Trump Blasts “Anyone Trading With Iran Will Not Be Trading With The U.S.”

At one minute after midnight, the first round of renewed U.S. sanctions on Iran took effect, and in one of his earliest tweets since the presidential campaign blasted out at 5:30am EDT, a sleepless Trump defined the official US position on countries that ignore US sanctions: “The Iran sanctions have officially been cast. These are the most biting sanctions ever imposed, and in November they ratchet up to yet another level” Trump tweeted. 

And in a warning to China, India, Turkey and many other nations which have said they will defy Trump’s Iran sanctions and continue to import Iran oil, Trump warned that “Anyone doing business with Iran will NOT be doing business with the United States.”

Then, pulling a page out of a John Lennon album, Trump blasted “I am asking for WORLD PEACE, nothing less!

As a reminder, on Tuesday, following an executive order signed by Trump, the U.S. imposed new restrictions intended to stop the purchase of dollar banknotes by Iran, prevent the government from trading gold and other precious metals and block the nation from selling or acquiring various industrial metals. The measures, which took effect at midnight in Washington, also targeted the auto industry and banned imports of Persian carpets and pistachios to the U.S.
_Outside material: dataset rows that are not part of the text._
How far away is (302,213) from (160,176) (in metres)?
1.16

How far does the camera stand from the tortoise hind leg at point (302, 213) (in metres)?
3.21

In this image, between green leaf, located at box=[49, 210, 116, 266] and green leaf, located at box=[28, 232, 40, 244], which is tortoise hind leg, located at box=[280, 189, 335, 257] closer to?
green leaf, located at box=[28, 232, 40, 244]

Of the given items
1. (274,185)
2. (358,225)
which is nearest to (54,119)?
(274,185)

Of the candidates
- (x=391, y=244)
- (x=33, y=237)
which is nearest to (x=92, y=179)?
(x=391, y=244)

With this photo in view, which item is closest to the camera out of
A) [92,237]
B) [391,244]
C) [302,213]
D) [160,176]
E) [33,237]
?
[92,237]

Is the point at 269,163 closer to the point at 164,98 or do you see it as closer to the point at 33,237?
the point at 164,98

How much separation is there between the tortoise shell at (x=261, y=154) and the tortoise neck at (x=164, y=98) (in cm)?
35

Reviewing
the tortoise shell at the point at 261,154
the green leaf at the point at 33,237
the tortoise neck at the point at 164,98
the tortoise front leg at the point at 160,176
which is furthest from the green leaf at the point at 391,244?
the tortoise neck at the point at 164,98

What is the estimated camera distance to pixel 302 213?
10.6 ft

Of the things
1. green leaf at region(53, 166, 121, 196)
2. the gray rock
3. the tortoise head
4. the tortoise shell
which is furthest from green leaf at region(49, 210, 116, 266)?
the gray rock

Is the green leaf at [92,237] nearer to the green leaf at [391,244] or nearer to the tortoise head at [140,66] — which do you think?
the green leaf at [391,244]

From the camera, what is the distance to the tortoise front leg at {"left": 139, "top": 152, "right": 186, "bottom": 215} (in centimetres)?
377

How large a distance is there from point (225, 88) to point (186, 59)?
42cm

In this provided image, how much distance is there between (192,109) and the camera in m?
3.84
There were some signs Trump’s aggressive policy was already working. Yesterday, Iran’s President Hassan Rouhani, under rising economic and political pressure, spurned President Donald Trump’s suggestion for talks with “no preconditions.” However, in a televised address on Monday night, Rouhani also said Iran is open to negotiations if the U.S. is “sincere,” but he added that such talks would be meaningless while his nation is being hit with sanctions. Trump and his top aides have raised the possibility of face-to-face discussions with Rouhani with “no preconditions.”

“Negotiations at the same time as sanctions, what meaning does that have?” Rouhani said. “It means someone is facing a person who’s a rival and enemy, if they use a knife and they stick the knife in their arm and then they say, ‘Let’s negotiate and let’s talk.’ The response to this is first all, they have to take the knife out and put the knife back in their pocket.”
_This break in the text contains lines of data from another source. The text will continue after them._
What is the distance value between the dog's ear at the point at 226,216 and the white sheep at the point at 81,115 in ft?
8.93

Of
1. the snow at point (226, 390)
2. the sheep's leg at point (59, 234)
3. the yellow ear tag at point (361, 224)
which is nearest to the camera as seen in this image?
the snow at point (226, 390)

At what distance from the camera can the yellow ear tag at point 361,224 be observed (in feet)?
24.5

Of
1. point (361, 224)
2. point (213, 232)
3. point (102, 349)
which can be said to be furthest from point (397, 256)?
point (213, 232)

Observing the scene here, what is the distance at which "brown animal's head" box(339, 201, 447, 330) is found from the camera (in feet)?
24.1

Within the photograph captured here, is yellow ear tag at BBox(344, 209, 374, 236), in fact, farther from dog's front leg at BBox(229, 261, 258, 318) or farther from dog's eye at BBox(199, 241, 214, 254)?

Rouhani also scoffed that despite his offer for talks, Trump “is someone who, without any negotiation, has withdrawn from all of his international commitments,” from trade accords to the Paris climate agreement.
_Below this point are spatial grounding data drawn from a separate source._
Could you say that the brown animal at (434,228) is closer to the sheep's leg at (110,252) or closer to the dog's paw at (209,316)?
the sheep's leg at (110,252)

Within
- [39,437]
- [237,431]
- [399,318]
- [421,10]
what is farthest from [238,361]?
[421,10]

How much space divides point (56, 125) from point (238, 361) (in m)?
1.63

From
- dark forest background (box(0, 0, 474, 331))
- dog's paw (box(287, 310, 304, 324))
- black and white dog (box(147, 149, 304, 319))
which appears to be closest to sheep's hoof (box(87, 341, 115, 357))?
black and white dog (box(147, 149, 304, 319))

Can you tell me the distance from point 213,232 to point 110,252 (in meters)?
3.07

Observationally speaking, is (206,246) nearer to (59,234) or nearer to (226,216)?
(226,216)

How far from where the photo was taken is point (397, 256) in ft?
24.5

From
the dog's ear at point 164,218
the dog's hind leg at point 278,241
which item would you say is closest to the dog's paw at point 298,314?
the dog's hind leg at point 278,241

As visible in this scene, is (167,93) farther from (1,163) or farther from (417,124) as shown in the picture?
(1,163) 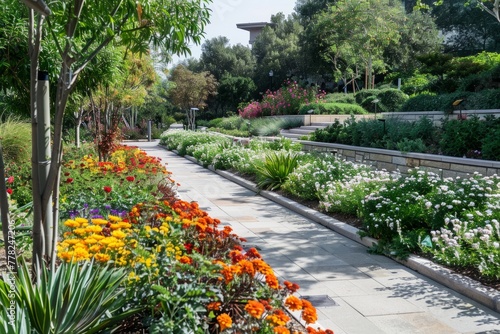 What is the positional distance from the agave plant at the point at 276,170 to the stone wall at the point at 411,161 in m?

Iran’s Foreign Secretary Javad Zarif tweeted that the “Trump Administration wants the world to believe it’s concerned about the Iranian people. Yet the very first sanctions it reimposed have canceled licenses for sales of 200+ passenger jets under absurd pretexts, endangering ordinary Iranians. US hypocrisy knows no bounds.”

At the same time, Europe condemned Trump’s action saying it would block their effect for European companies. “We deeply regret the re-imposition of sanctions by the U.S., due to the latter’s withdrawal from the Joint Comprehensive Plan of Action (JCPOA),” according to a statement Monday from the foreign ministers of the U.K., Germany, France and the European Union. “Preserving the nuclear deal with Iran is a matter of respecting international agreements and a matter of international security.”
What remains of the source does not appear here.